- What you are asked to do -
For this task, output exactly the lines of the material below starting at the line with "te yandan bu" and ending at the line with "HONDA VTR 250 F MC33"; pictures are to be excluded.

- Records supplied -

***

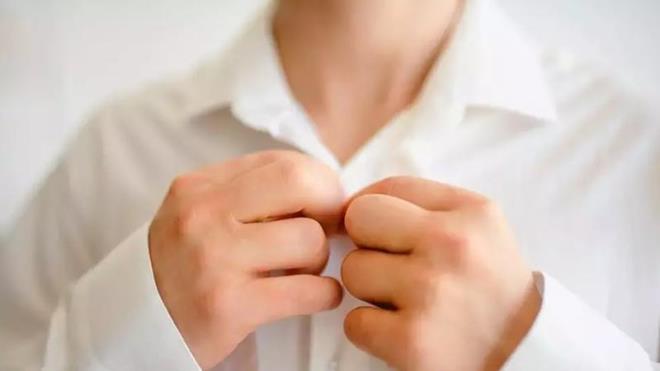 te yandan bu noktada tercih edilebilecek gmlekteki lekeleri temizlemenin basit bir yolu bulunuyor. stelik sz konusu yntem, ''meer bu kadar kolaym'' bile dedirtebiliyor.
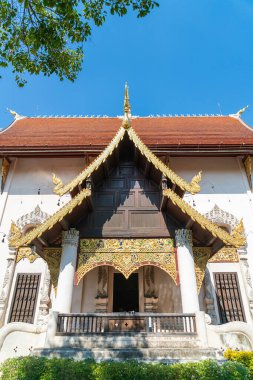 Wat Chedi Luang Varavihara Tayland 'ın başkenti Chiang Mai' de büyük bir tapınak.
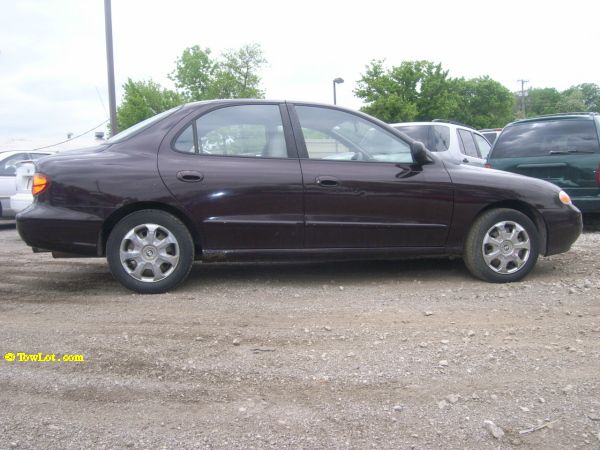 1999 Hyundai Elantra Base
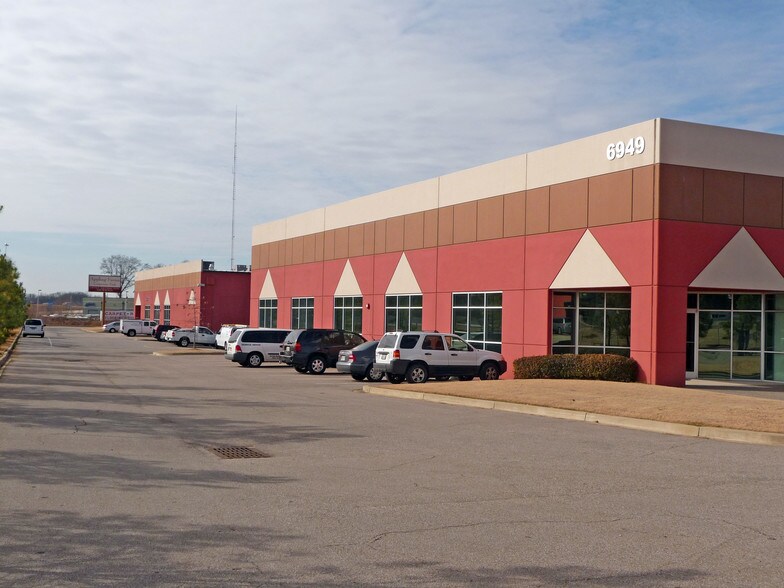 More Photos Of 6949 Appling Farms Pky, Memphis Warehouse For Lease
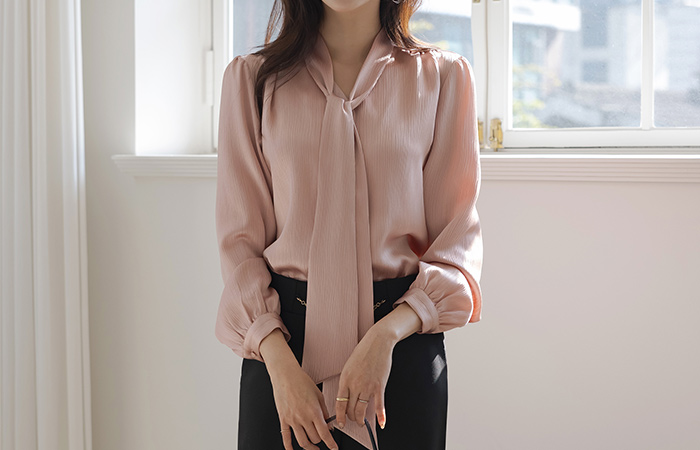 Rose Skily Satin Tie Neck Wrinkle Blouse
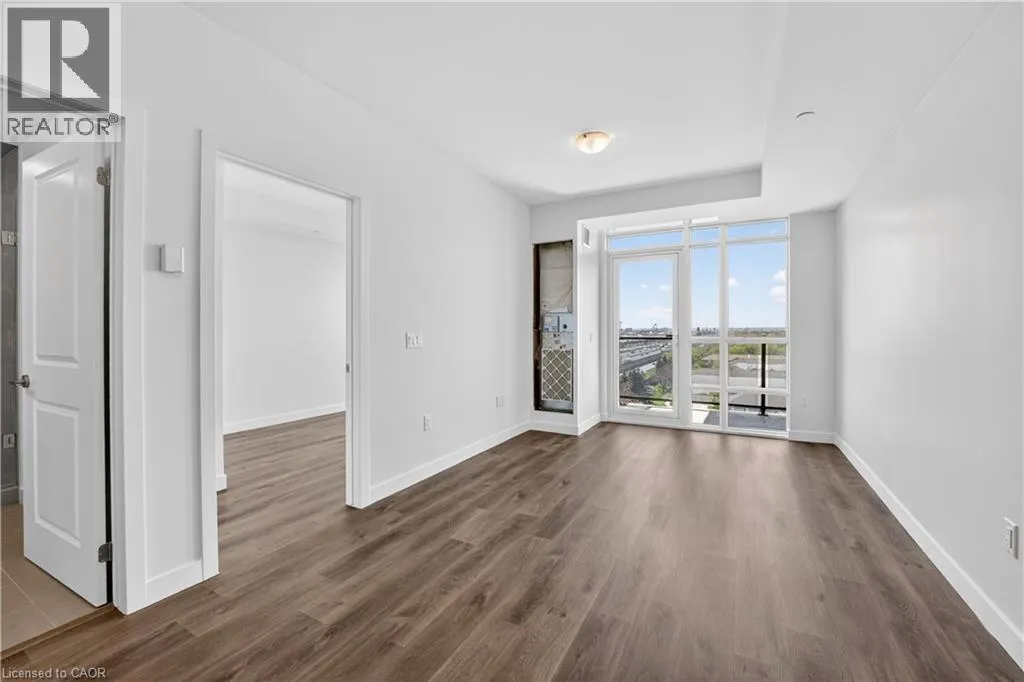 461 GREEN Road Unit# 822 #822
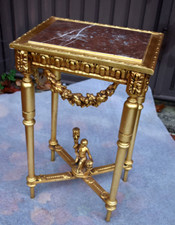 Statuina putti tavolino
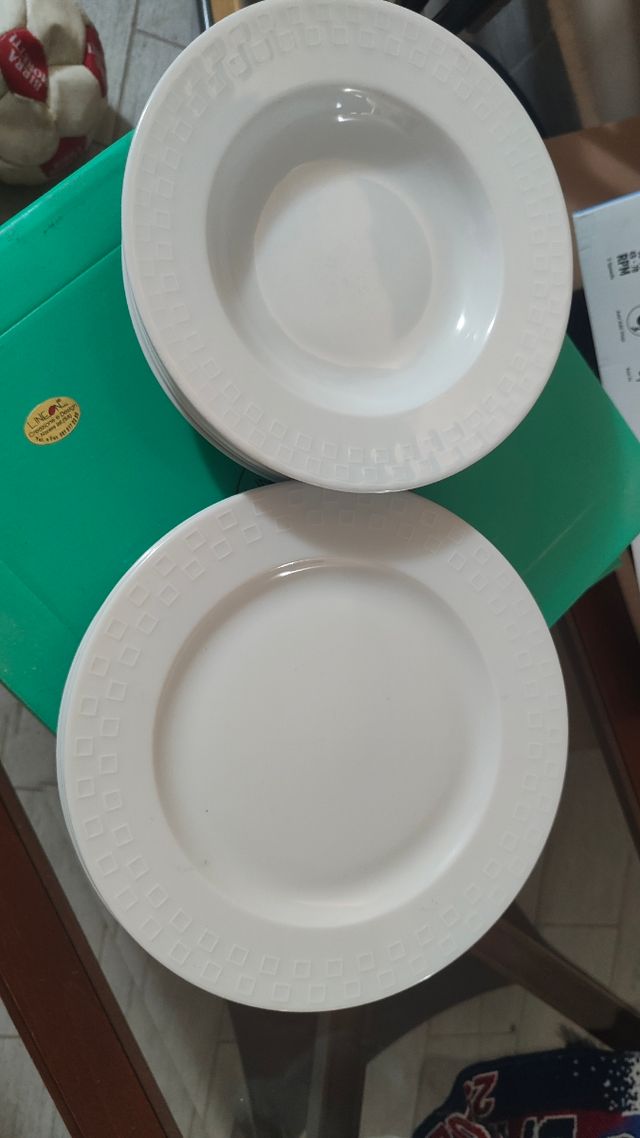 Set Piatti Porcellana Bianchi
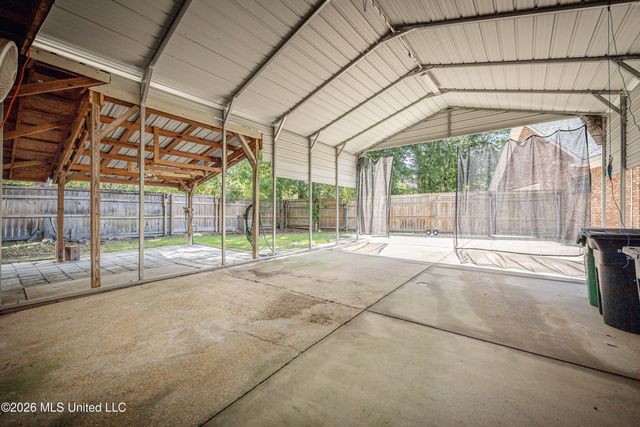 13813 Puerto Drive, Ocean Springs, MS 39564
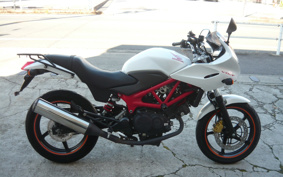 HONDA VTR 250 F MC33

***

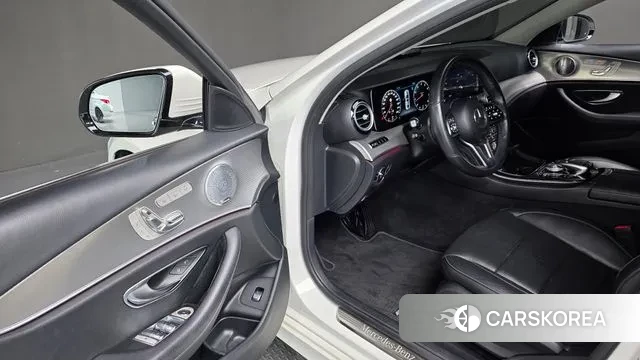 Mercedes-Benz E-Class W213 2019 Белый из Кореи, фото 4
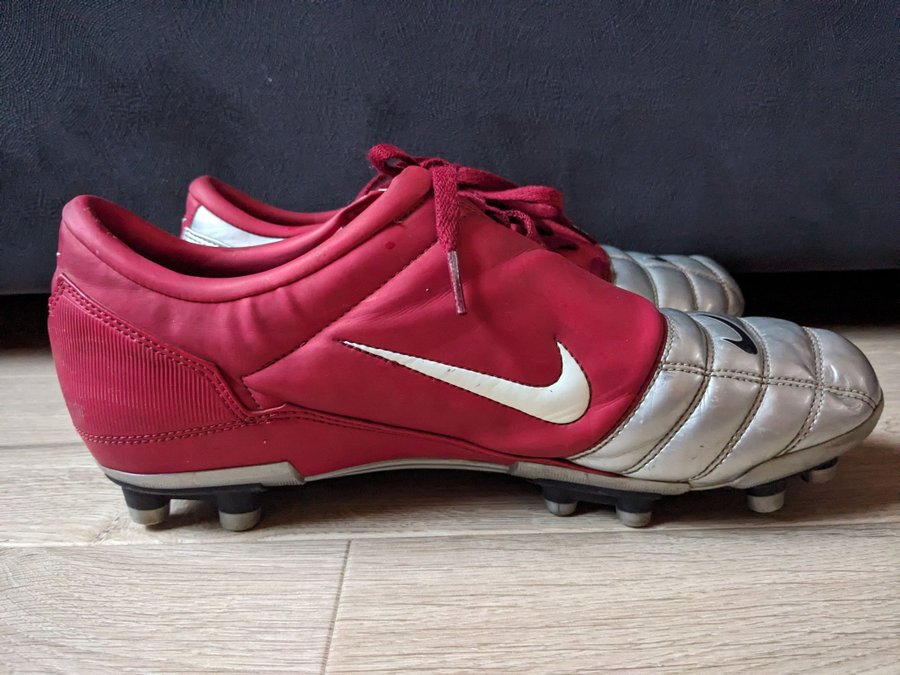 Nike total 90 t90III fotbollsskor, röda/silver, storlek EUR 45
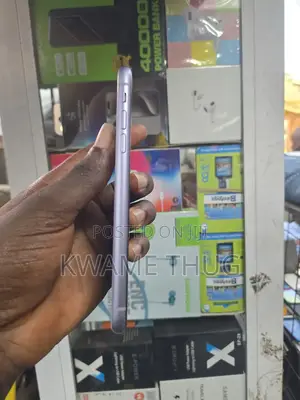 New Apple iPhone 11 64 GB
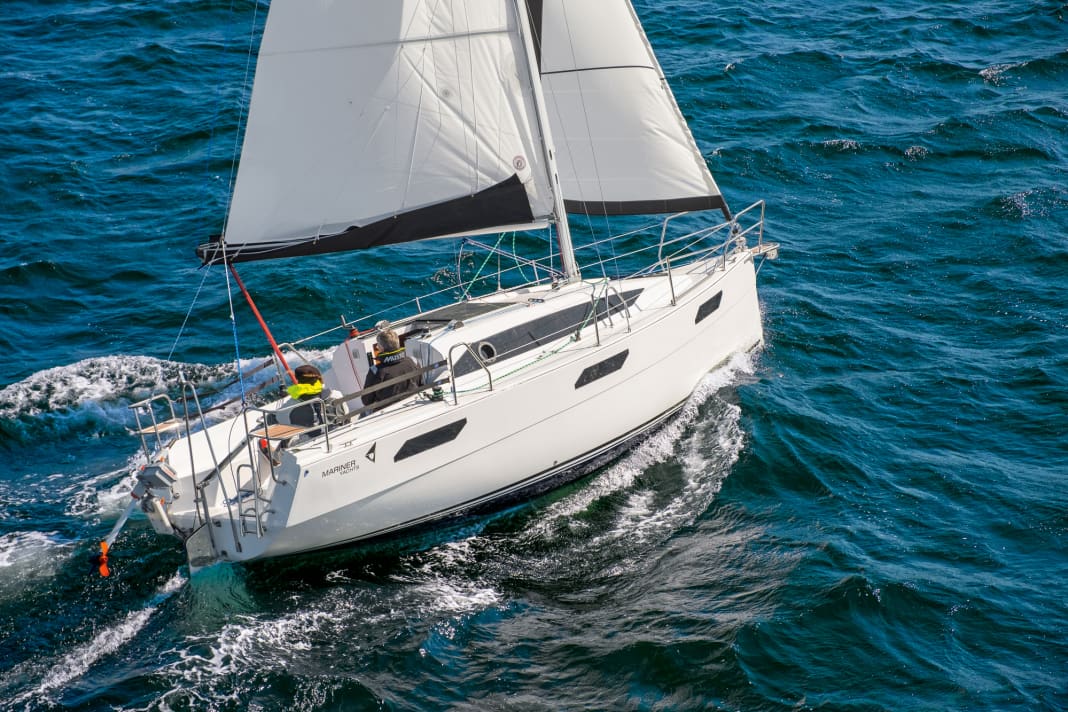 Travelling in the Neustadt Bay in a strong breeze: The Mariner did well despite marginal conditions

***

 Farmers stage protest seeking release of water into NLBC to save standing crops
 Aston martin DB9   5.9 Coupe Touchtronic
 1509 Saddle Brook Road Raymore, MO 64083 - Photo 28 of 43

***

- Output -
 te yandan bu noktada tercih edilebilecek gmlekteki lekeleri temizlemenin basit bir yolu bulunuyor. stelik sz konusu yntem, ''meer bu kadar kolaym'' bile dedirtebiliyor.
 Wat Chedi Luang Varavihara Tayland 'ın başkenti Chiang Mai' de büyük bir tapınak.
 1999 Hyundai Elantra Base
 More Photos Of 6949 Appling Farms Pky, Memphis Warehouse For Lease
 Rose Skily Satin Tie Neck Wrinkle Blouse
 461 GREEN Road Unit# 822 #822
 Statuina putti tavolino
 Set Piatti Porcellana Bianchi
 13813 Puerto Drive, Ocean Springs, MS 39564
 HONDA VTR 250 F MC33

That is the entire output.